I'm Dutch, so please forgive my inability to resist explaining the world through bicycle analogies; I couldn't in good conscience pass it up. So, here we go.
Jobs once called the computer a bicycle for the mind—a tool to amplify what we already are, to free us up for higher-level thinking and meaningful creative pursuits. People have forgotten the whole dream that started the personal computer revolution. From Ada Lovelace to Vannevar Bush to Alan Kay to Wozniak and Jobs, a lineage of humanists built machines to serve objectives worthy of our best.
Then came surveillance capitalism, the attention economy, and persuasive technology engineered not to amplify human strengths, but to inadvertently, ultimately exploit every human weakness. Three forces behind a new breed of technology companies that inherited four decades of accumulated goodwill, ultimately betraying the dream—turning everyday tools not just into ad businesses, but adversarial technologies. Serving economic imperatives unbothered by what we humans want long-term, interested only in what we'll watch short-term; no matter how much ultimately it leaves us miserable.
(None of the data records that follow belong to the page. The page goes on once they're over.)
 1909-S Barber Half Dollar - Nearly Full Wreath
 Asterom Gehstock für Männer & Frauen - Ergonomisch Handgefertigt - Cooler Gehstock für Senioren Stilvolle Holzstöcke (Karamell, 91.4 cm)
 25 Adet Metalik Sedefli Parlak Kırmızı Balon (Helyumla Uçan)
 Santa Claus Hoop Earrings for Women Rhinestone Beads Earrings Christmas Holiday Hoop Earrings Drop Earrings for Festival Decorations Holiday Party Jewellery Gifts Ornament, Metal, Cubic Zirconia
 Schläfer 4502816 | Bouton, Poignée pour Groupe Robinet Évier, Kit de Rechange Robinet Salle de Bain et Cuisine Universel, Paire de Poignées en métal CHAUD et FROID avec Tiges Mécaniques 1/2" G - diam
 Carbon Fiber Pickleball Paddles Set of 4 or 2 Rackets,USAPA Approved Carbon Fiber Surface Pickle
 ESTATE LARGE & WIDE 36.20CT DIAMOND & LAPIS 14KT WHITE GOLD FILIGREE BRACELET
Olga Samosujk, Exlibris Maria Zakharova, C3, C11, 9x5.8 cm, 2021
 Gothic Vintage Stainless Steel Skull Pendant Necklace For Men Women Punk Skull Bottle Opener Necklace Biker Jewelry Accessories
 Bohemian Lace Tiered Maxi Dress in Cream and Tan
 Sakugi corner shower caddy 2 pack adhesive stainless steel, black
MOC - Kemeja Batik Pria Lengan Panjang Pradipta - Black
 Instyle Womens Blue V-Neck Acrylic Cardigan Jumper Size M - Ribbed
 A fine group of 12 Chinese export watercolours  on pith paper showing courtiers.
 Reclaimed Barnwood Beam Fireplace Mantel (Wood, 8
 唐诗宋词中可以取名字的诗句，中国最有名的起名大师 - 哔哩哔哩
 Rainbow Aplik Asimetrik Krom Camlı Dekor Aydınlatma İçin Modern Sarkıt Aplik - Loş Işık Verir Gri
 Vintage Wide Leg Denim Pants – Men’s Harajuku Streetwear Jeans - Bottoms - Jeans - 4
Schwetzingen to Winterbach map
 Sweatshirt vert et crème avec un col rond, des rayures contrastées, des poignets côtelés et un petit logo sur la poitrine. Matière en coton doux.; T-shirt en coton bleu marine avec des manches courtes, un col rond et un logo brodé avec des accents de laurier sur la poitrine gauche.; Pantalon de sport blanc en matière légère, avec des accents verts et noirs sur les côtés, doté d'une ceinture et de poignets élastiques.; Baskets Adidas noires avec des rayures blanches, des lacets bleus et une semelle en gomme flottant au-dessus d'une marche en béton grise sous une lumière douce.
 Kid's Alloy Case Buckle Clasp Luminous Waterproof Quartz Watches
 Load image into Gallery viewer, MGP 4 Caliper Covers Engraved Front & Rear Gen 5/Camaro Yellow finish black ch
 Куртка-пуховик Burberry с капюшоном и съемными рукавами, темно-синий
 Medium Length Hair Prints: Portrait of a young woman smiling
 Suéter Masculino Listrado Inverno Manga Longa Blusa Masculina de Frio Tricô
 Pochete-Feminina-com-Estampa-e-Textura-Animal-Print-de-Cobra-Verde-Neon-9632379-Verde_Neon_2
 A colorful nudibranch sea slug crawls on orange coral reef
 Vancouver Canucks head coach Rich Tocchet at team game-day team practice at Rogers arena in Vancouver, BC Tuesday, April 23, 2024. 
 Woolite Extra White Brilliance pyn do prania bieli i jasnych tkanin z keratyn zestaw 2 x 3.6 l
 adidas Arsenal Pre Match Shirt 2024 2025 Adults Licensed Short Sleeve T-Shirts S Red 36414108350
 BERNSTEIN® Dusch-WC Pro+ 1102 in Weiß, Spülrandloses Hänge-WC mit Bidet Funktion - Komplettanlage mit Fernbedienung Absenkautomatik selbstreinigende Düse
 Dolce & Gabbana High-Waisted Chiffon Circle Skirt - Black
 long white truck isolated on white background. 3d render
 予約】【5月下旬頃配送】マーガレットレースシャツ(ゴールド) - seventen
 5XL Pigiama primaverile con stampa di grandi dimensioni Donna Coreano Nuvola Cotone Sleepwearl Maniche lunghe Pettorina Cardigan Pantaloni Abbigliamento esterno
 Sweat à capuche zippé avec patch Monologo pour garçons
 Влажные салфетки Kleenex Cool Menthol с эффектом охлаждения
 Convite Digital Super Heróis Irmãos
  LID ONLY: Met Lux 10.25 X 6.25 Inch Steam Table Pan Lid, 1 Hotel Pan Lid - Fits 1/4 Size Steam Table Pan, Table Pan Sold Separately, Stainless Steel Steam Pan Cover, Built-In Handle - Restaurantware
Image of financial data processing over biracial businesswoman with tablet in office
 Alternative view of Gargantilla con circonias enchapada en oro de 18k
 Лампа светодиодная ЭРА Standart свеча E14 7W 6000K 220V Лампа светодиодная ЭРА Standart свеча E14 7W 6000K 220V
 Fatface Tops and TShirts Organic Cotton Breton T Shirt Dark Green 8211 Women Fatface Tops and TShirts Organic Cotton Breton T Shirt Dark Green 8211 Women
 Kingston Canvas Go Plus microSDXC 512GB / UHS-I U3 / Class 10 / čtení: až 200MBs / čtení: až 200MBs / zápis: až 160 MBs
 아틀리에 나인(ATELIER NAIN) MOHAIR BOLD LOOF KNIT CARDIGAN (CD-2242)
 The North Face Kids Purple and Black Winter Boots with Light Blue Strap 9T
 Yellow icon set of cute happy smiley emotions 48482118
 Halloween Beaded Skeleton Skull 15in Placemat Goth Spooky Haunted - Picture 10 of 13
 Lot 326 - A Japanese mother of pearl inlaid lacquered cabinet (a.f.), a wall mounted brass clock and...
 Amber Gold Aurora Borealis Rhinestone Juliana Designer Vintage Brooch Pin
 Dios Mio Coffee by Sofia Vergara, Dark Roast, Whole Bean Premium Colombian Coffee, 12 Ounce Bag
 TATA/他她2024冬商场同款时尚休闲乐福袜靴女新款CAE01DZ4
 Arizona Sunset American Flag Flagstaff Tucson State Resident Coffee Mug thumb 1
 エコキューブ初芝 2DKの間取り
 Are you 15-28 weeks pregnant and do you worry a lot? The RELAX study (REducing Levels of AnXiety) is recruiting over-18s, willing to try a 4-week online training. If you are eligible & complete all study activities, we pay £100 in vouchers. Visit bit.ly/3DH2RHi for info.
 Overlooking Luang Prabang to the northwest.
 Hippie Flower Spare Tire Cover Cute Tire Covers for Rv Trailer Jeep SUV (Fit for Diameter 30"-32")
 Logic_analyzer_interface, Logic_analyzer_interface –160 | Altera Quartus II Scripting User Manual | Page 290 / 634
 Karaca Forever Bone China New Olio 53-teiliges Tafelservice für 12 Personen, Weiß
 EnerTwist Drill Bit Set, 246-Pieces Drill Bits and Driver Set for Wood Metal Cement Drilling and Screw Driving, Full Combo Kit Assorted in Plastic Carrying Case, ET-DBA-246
They are ushering us toward what Lewis Mumford warned of back in 1967, before the personal computer even existed: a world that reduces man to a machine-conditioned animal. A new psychological type, a passive servant in the grip of an identity crisis, with technology increasingly worshipped as an all-seeing god. Distracted, confused, polarized; today, we suffer from the inability to even walk into a room and agree on the problems, let alone the solutions.
This is, if you will, the "Meta Problem" of our era—such a fitting name; they even renamed the company after it. The Meta Problem goes by another name: the alignment problem. And it is important to remember that it arose not with Artificial Intelligence but with the advent of social media. And therefore, perhaps counterintuitively, that is where we are most likely to gain real ground in solving it.
The road to hell is always paved with good intentions, but the level of corporate denial demonstrated at this point makes big tobacco and fossil fuel look like amateurs. This new breed continues to eat away at objective reality, trust, cooperation, and our ability to direct time and energy in harmony with our values. What started as the social dilemma has metastasized into a full-blown social catastrophe, and history will judge them for it.
Hence, your bicycle for the mind didn't survive. Both tires slashed, the frame sledgehammered. And when you limped it to the repair shop, a knife in your back. Some have come to hate the bicycle itself: people now misguidedly point the finger at technology at large, all because of a few hucksters whose advertising machines have taken society hostage.
Yet through the lens of the past, it is undeniable that technology is like magic, an amazing force for good. That is, if we design it to be that way again. So, unlike those who unjustly blame technology at large, or him, know that Steve Jobs is rolling over in his grave as you read this.